2. Hide existing shortcuts to the program (do this on your disk images):

   • Search %SystemDrive%\Documents and Settings\All Users for shortcuts to the program, and remove them.

   • Search %SystemDrive%\Documents and Settings\Default User for shortcuts to the program, and remove them.

   • Search the Default User folder in \\Server\NETLOGON\Default User share for the program's shortcuts, and remove them.

3. Create a new Group Policy object (GPO) in Active Directory or locally on your disk images that prevents users from running the program.

That last step requires more explanation. Chapter 7, “Using Registry-Based Policy,” contains more information about Group Policy, but I'll get you started. The following instructions assume that you're defining Software Restriction Policies in the local GPO, but the steps transfer to network-based Group Policy:

1. In Group Policy Editor's left pane, click Software Restriction Policies.

   To start Group Policy Editor, type gpedit.msc in the Run dialog box.

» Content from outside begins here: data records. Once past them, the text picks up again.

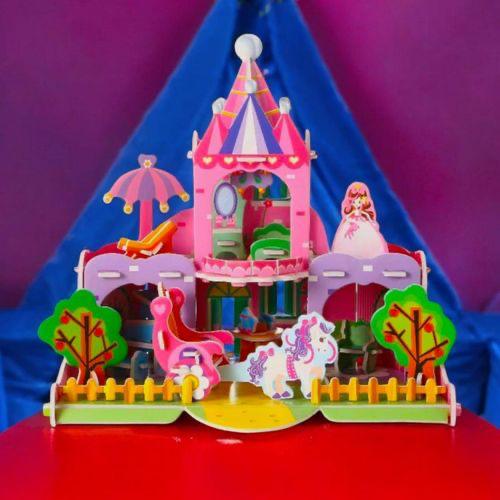 بازل ثلاثي الأبعاد (3D Puzzle) – قصر الأميرات الوردي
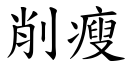 削瘦 (楷体矢量字库)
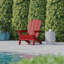Chaises Adirondack commerciales toutes saisons avec porte-gobelets Ayleah-87001962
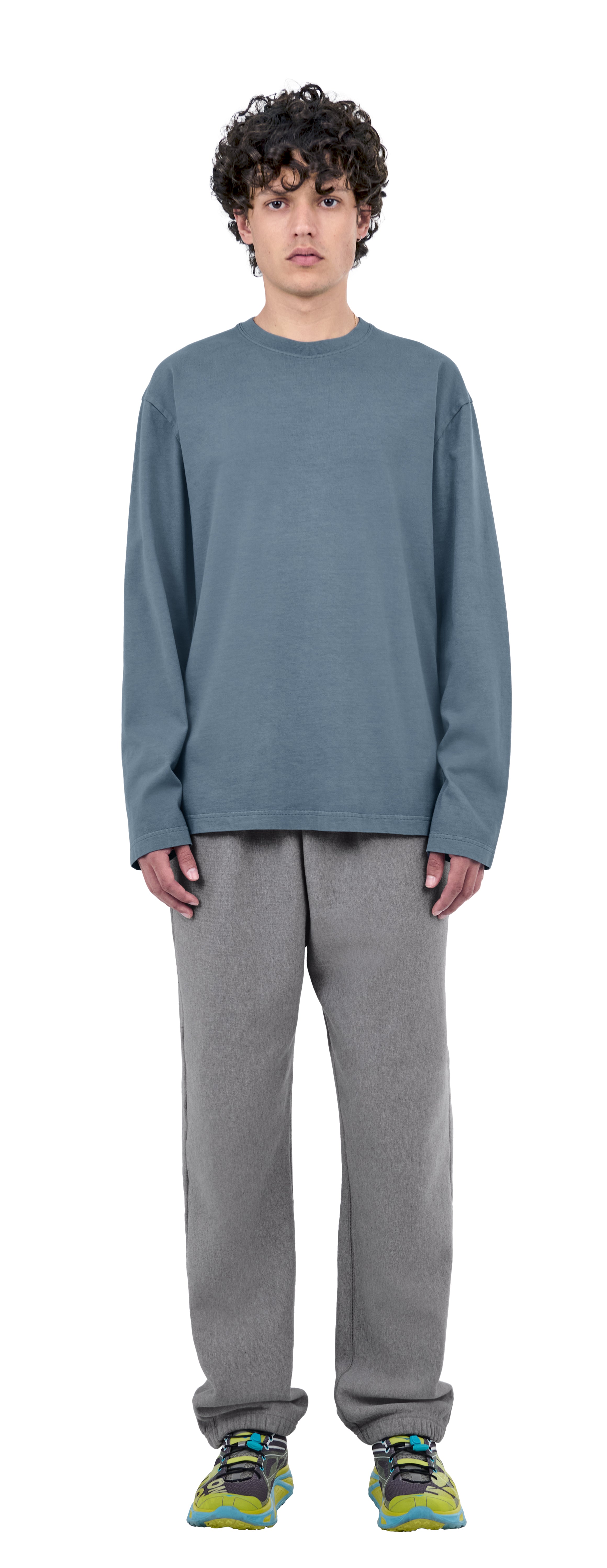 Boxy Longsleeve, Blue Slate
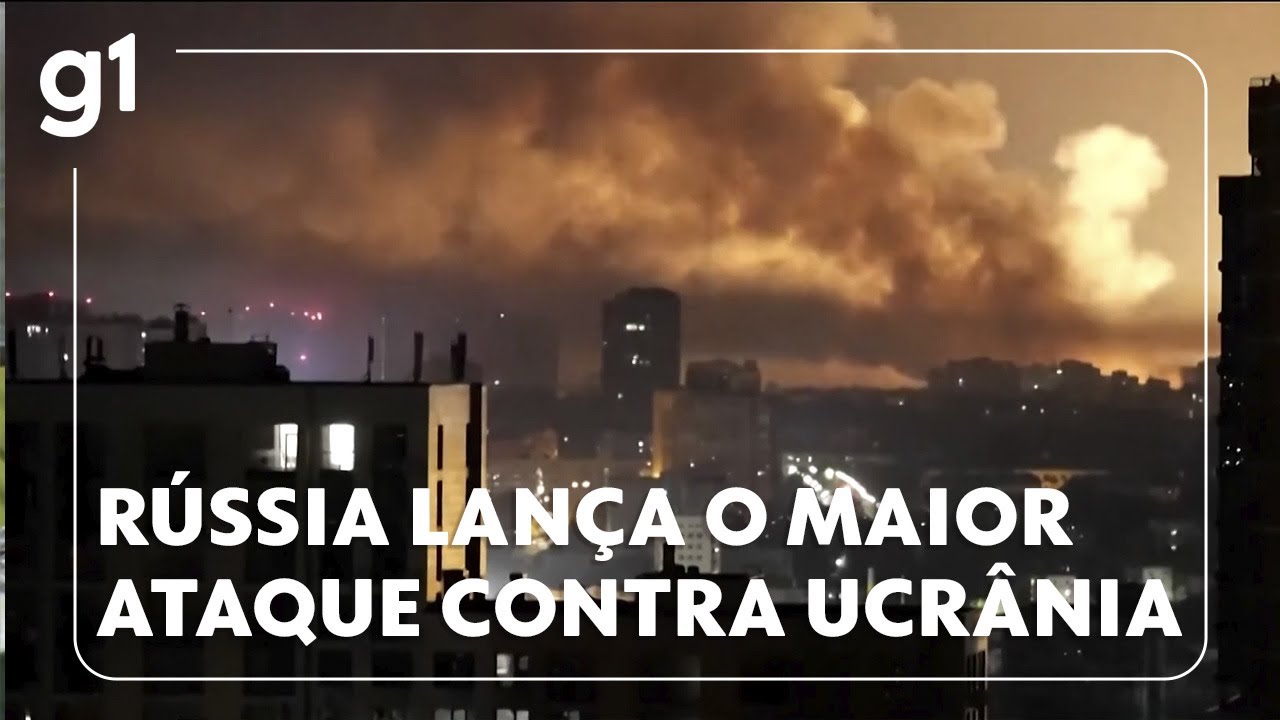 Rússia lança o maior ataque de drones e mísseis contra a Ucrânia desde o início da guerra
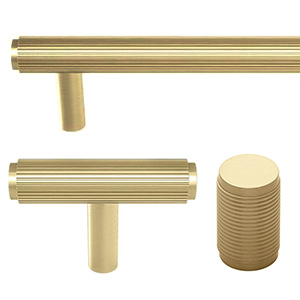 Reeded - Satin Brass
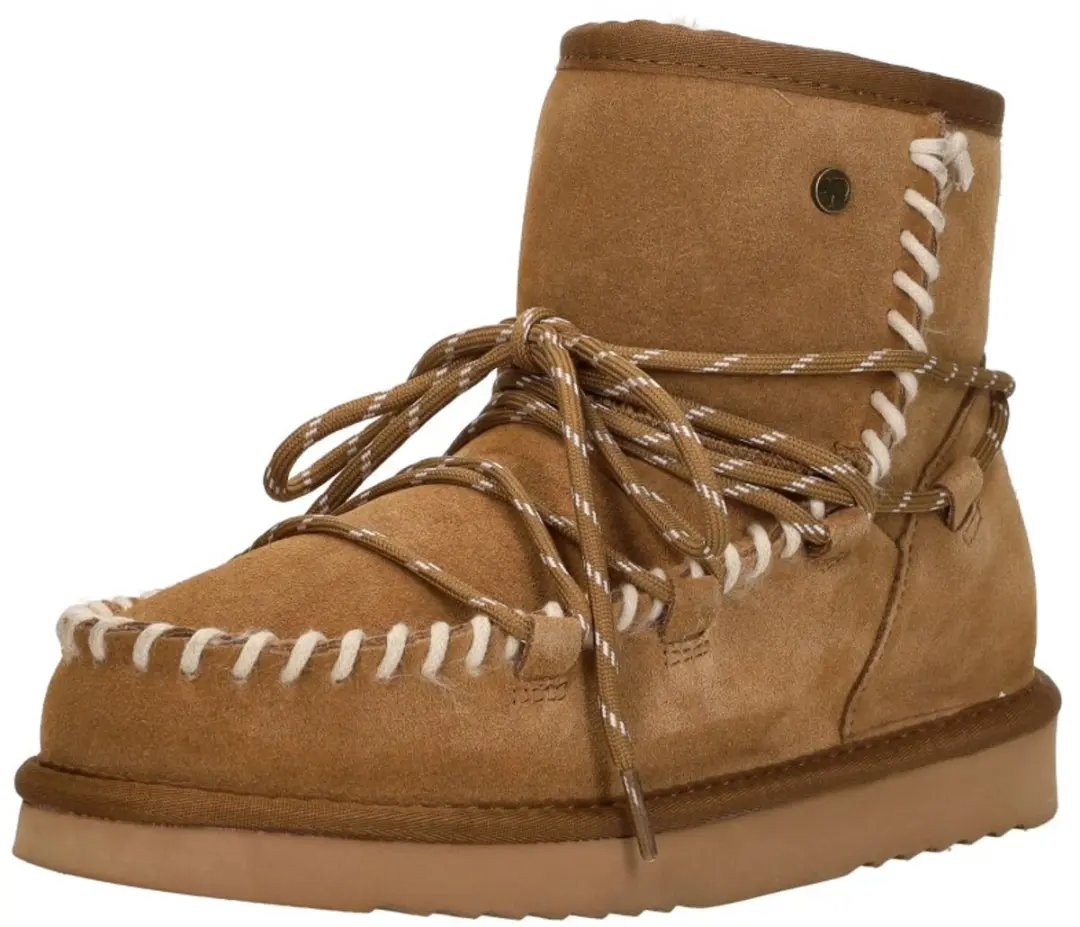 Warmbat Kalbarri Suede lace boot Dames - Cognac - afbeelding 4 van 6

Software Restriction Policies is under Computer Configuration\Windows Settings\Security Settings.

2. Right-click Software Restriction Policies, and then click Create New Policies.

3. Under Software Restrictions Policies, right-click Additional Rules, and then click New Hash Rule.

4. Click Browse, and select the file that you want to prevent users from executing. For example to prevent users from running the Files And Settings Migration Wizard, select %SystemRoot%\system32\usmt\migwiz.exe.

After you select the file that you want to prevent users from running, Group Policy Editor creates a hash for the file. Figure 18-4 shows an example that prevents users from running Files And Settings Transfer Wizard. Users won't be able to run any program that matches that hash value. That way, users can't trick the system by copying the file to a different location (because some users can be clever). After you save the policy, you must log off of Windows for the change to take effect. When users try to run the program, they see an error message that reads, Windows cannot open this program because it has been prevented by a software restriction policy. So between hiding the advertisements and preventing the program file from executing, you can prevent programs such as Movie Maker and the Files And Settings Transfer Wizard from being run.

Figure 18-4 Without a Files And Settings Transfer Wizard shortcut on the Start menu, users will not usually try to run the wizard. Those who do will see an error message.